Invece se ne parla come se il rapporto con il resto degli abitanti del pianeta fosse uno a uno. E non è così. Se ne parla come se i formidabili e temibili arsenali di guerra che le super potenze (che ancora esistono e dominano) possiedono fossero aeroplanini di cartone e cerbottane con palline di mollica di pane.
E così noi abbiamo paura, sorridiamo all’intervistatore di turno che chiede a viaggiatori e passanti se si sentono “più sicuri o rassicurati” per essere stati perquisiti o per avere la presenza di militari in città o alle stazioni: questo a me sembra uno sviare dalla verità. E viaggiatori e passanti annuiscono: “sì come no, mi perquisiscano pure, mi piace, sono contento!”
Forse sarebbe il caso di ragionare: se siamo presidiati, perquisiti, controllati non è perché così siamo più sicuri, ma perché siamo meno liberi e abbiamo ceduto la libertà in cambio di un piatto avvelenato da terrorismo e guardiani del medesimo.
E se siamo disposti a cedere libertà in cambio di paura, allora non siamo affatto più sicuri.
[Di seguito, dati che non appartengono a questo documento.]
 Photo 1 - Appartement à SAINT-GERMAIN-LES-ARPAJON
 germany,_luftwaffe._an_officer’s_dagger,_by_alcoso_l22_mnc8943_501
Se le misure di controllo sono necessarie non possono, però, e non dovrebbero tranquillizzare nessuno.
Se fossimo tranquilli non ne avremmo bisogno.
Se, al contrario, potessimo stare tranquilli allora potremmo ammettere che la prevenzione funziona, ma deve funzionare dove nasce il terrore, non solo dove esplode e uccide.
Sono consapevole di stonare nel coro, ma pazienza.
Stonar non nuoce, e io stono ma dico sommessamente che la paura no, la paura non ha mai reso libero nessuno.